Es ahora Clara la que alarga la mano para agarrar el cabello de Lucía. Lo hace siempre que está nerviosa. Le tira del pelo, a veces con fuerza, como si necesitara aferrarse a ella.
—¿Te acuerdas de la tormenta de hace dos años que hundió nuestra casa?
—Sí. Hundió todas las casas del barrio.
—Todas no. Se salvaron dos, que tenían en la puerta un escudo con dos palos cruzados. Y todo el mundo sabe que ese escudo es lo que las protegió.
—¿Tú crees en esas cosas?
—Claro que creo, los amuletos existen de toda la vida. Hay un montón de historias que hablan de amuletos; sirven para salvar vidas y para proteger a la gente.
Clara tira del pelo de Lucía.
—¿Vas a poner dos palos cruzados en la entrada de la cueva?

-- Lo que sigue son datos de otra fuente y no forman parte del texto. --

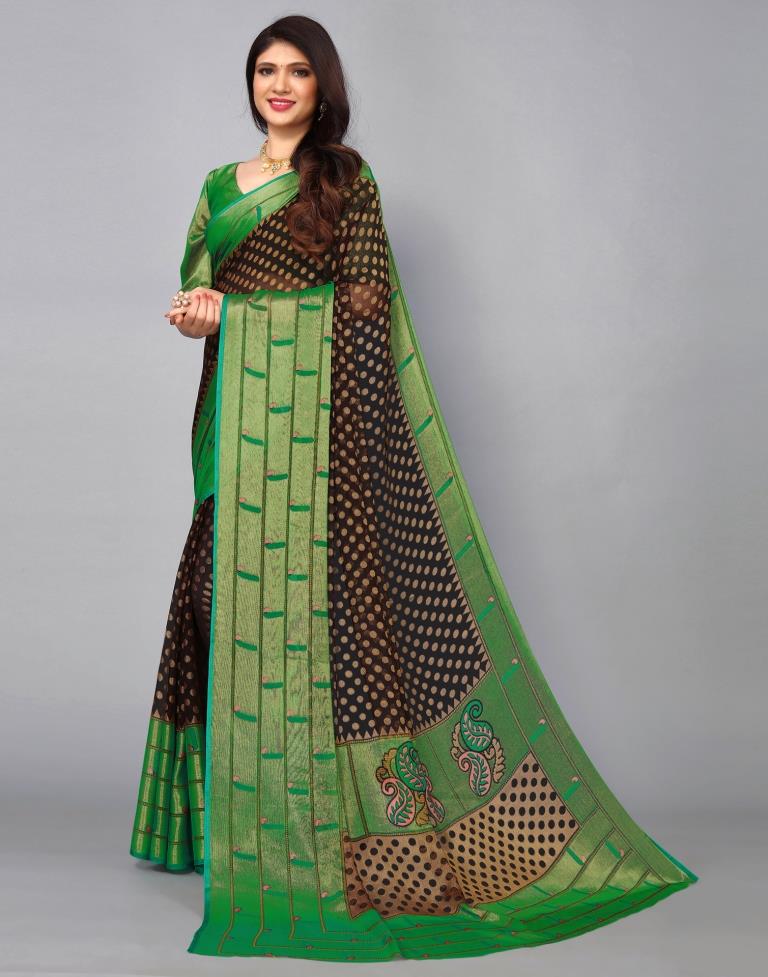 Brown Brasso Printed Woven Saree | Leemboodi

—No. Voy a hacer algo mucho mejor.
Hurga en su bolsillo hasta encontrar el anillo de oro. En el sello, las dos mazas formando un aspa. Se lo muestra a su hermana.
—¡Un amuleto!
—Sí. Y es para ti. Para que te proteja.
—¿De verdad?
—Claro que sí. Guárdalo bien, con este anillo estarás a salvo. Su magia te va a envolver, como una coraza, y nada ni nadie podrá hacerte daño. Es muy especial, sólo existen unos pocos en el mundo, y los demás los tienen esos bandoleros que hay en la sierra a los que nadie puede cazar nunca.

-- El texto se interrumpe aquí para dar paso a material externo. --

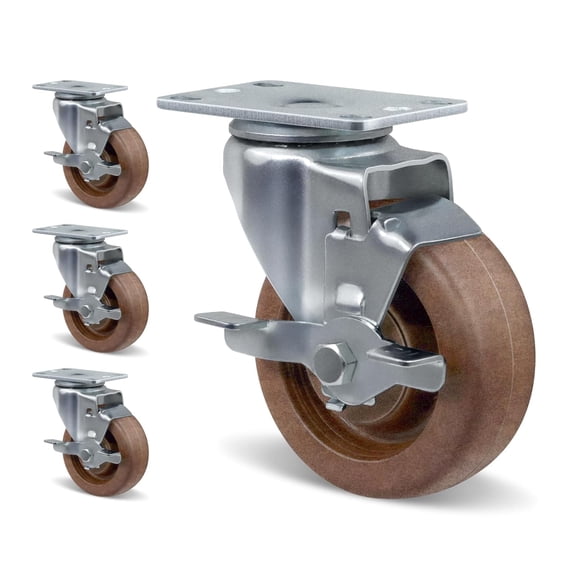 4" Hi-Temp Glass FiIled Nylon Casters, Heavy Duty Casters Set of 4, Industrial Caster Wheels for Commercial Kitchen, Bakery - 2400 lbs Capacity(4 Brake)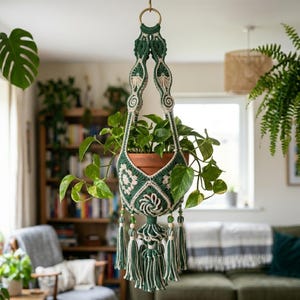 Boho bloemen plantenhanger haakpatroon pdf, haakpatroon hangende plantenbak, patroon plantenhouder, stapsgewijze handleiding.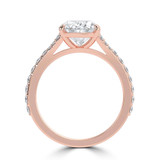 Oval Lab Created Diamond Cathedral Split Shank Solitaire with Accents Engagement Ring in Rose Gold (MVSLG1451-R)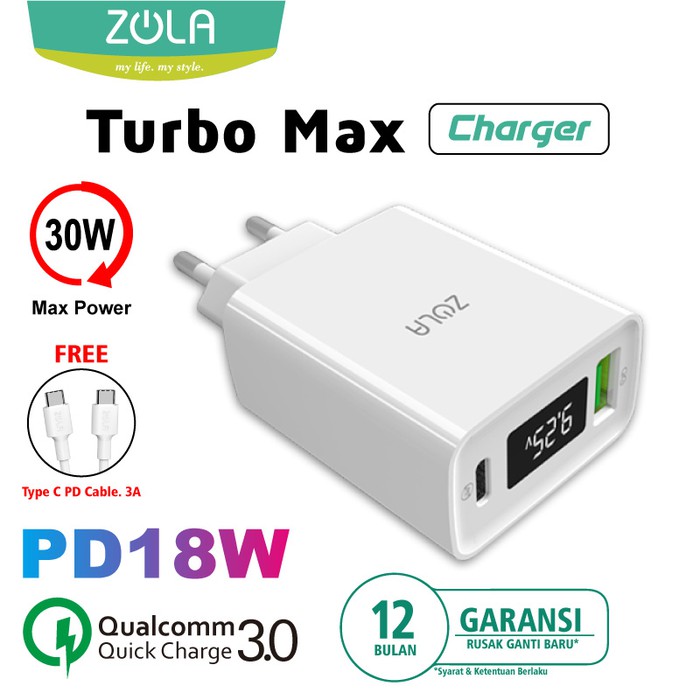 Zola Charger Turbo Max Led Display QC 3.0 & PD - Black (Ex Review)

Clara coge el anillo y le da un beso. Se arrulla en su regazo mientras se lo pone. Lucía la abraza y aspira el olor del pelo de su hermana, que siempre le parece que huele a bosque, a leña quemada. Clara cierra los ojos, en calma, como si realmente nada pudiera hacerle daño. Desde la boca de la cueva, Lucía puede distinguir en el cielo el humo de las barracas incendiadas en las Peñuelas. Se va deshaciendo, tal y como se ha deshecho su vida, hasta desaparecer.